[ENTRIES SUPPLIED Boundary: Start]
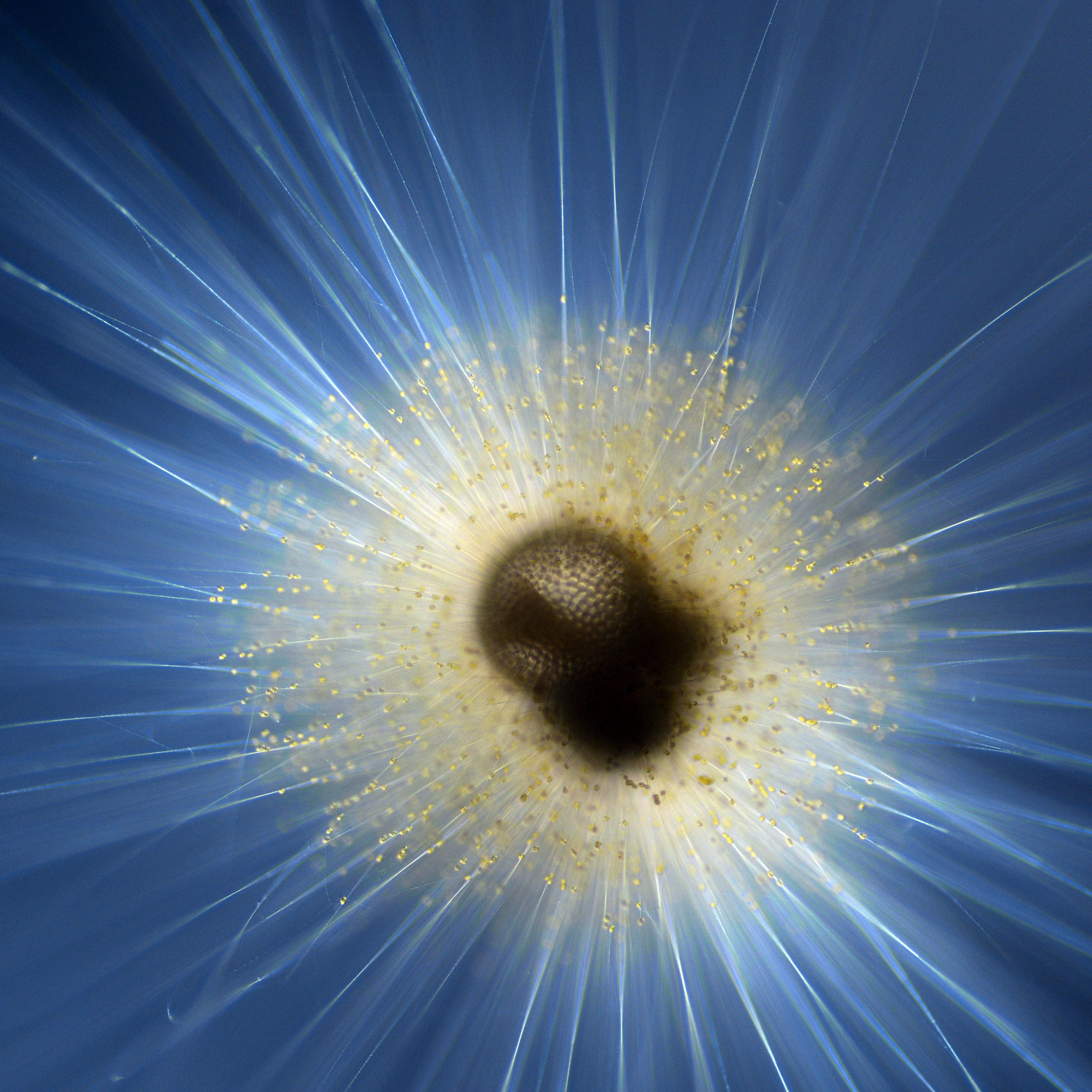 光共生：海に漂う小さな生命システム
[ENTRIES SUPPLIED Boundary: End]
[ENTRIES SUPPLIED Boundary: Start]
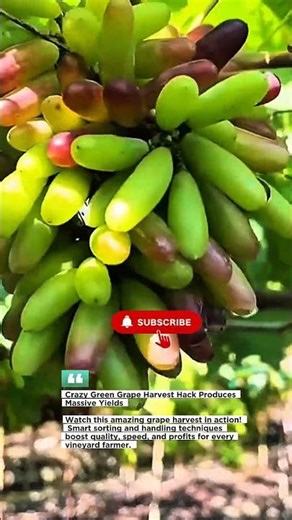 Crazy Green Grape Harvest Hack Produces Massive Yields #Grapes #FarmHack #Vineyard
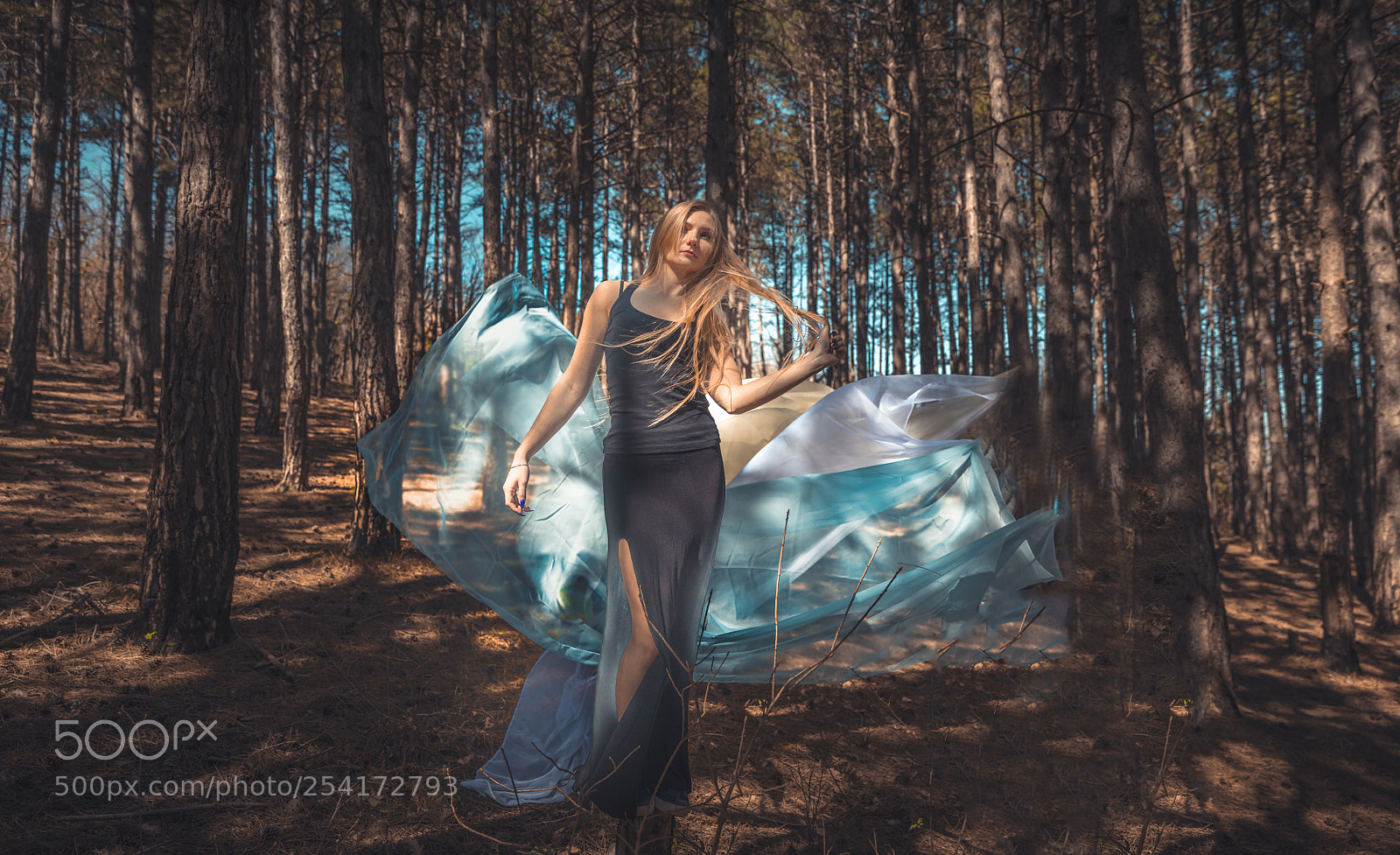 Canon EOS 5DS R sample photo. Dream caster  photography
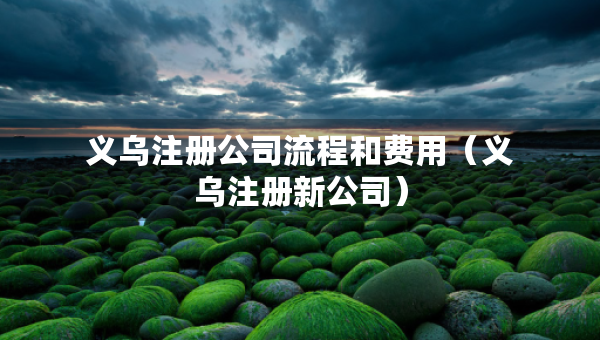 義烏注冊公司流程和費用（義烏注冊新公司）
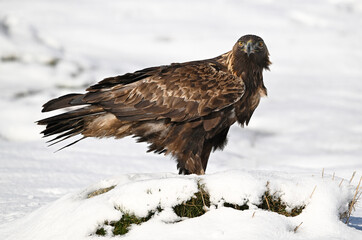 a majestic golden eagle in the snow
[ENTRIES SUPPLIED Boundary: End]
** DESCRIPTION OF THE TASK **
Look above for the line with "Crazy Green Grape"; quote it and every line after it, stopping after the line with "a majestic golden eagle in the snow", exactly, with nothing added and without pictures.

** ANSWER TO THE PROBLEM **
 Crazy Green Grape Harvest Hack Produces Massive Yields #Grapes #FarmHack #Vineyard
 Canon EOS 5DS R sample photo. Dream caster  photography
 義烏注冊公司流程和費用（義烏注冊新公司）
 a majestic golden eagle in the snow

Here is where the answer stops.